3 responses to “The difference between common sense and regulations

  1. As a structural engineer I would say this
    1. regulations are not there to stop people who know what there doing from building stuff, they are there to stop people who don’t know what they’re doing from building stuff.
    2. Isambard Kingdom Brunel (the greatest engineer who ever lived) said, in answer the the question ‘what is an engineer’, replied ‘someone who can do for a penny what any fool can do for a pound’.

    Great post and important points made.

    • Tried replying a week ago, but WordPress has bugs.
      Yes, but this is my point, in a backward way. Having a piece of paper doesn’t make me an expert, any more than not having one doesn’t. Today, I finished my first tiling job. Let’s just say is was school for me, and I’m glad it’s in my house and not a paying customer. But, the best learning part of it was that I had to finish what another bozo started. So, between the two of us, we put many pounds of effort into a two-penny job. But I learned the following:

      1. Fancy light sabers are no match for a good blaster. Translated: Sometimes all the fancy cutting gadgets in the world don’t beat a hammer and chisel.

      2. Always start in the middle. I always do this when working on piano actions, even though it would seem to make more sense to start at one end. I think it is because the middle is the most critical, and I want it ready fast, in case I have to cut things short. In the case of tiling, as I already knew, if you start at the edge, you’ll be in trouble by the time you get to the middle. Well, I had to work with what was there. My finished product was not bad, by amateur standards. But, a lot of cutting strange sizes to make it all work out.

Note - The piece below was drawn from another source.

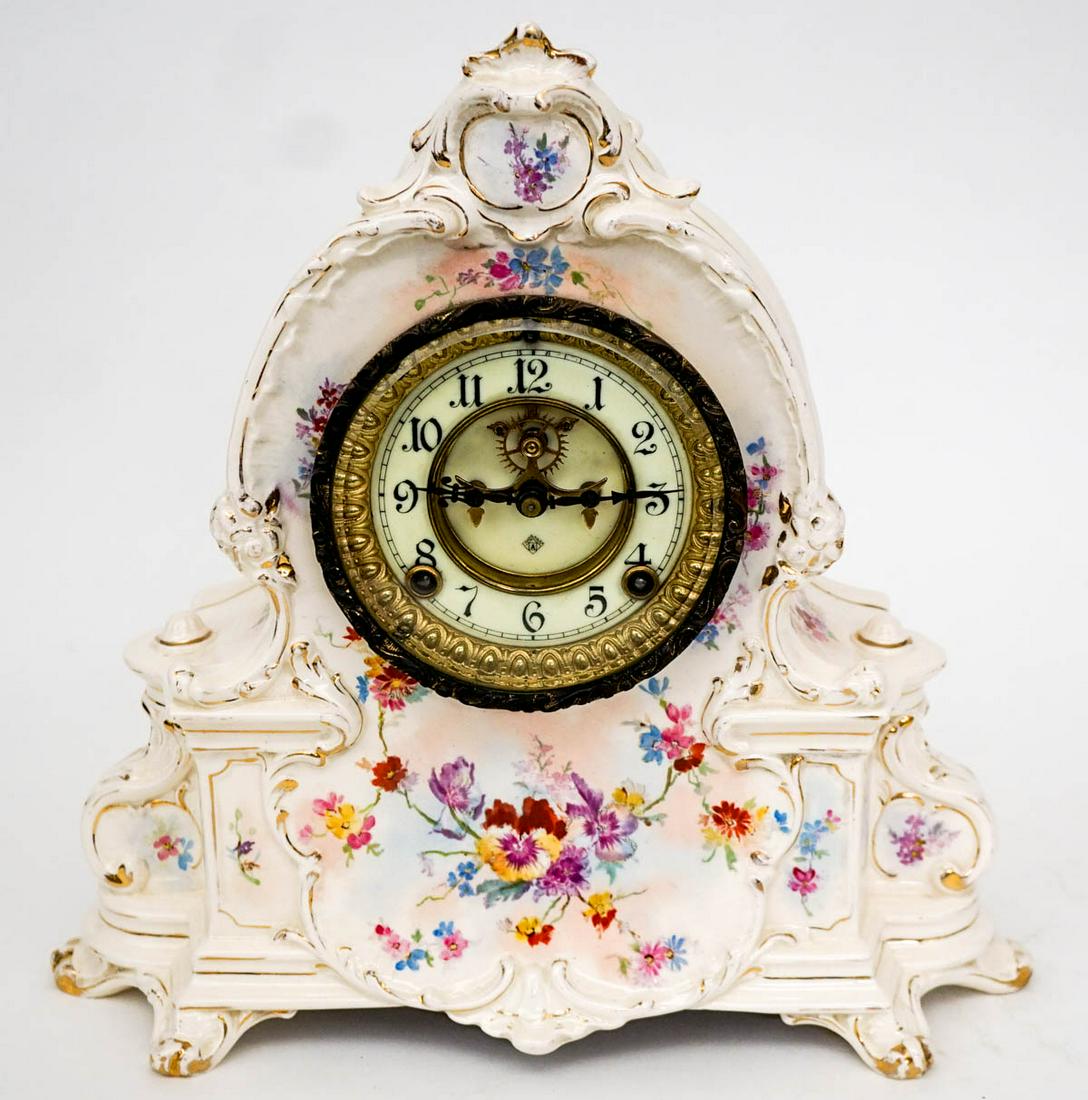 Ansonia China Case Clock [Floral]: Ansonia china case shelf clock with floral pattern against a cream colored back ground with gilt trim. Working condition. Measures 13.75 in. x 14.5 in. x 5 in. deep. Weighs 10 lbs. If lot is absent of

      3. If you really need it, it will break. My tile cutter decided to quit just after Menard’s closed.

      4. Professionals are worth their price. The cost of tooling up alone is probably more than what the whole job would have cost, had I hired someone competent. Of course, I plan to use all the tools again, so it’s OK for me. I also learned which tools don’t work, so I’ll know better next time.

      5. The boys at Menard’s are not always experts. And, also, directions on the bad don’t make up for experience. Next time I’ll know to add a little more water and not have the mortar already set with half the tiles to still place.

      6-10. Well, I’m sure they exist, though I can’t think of them at the moment.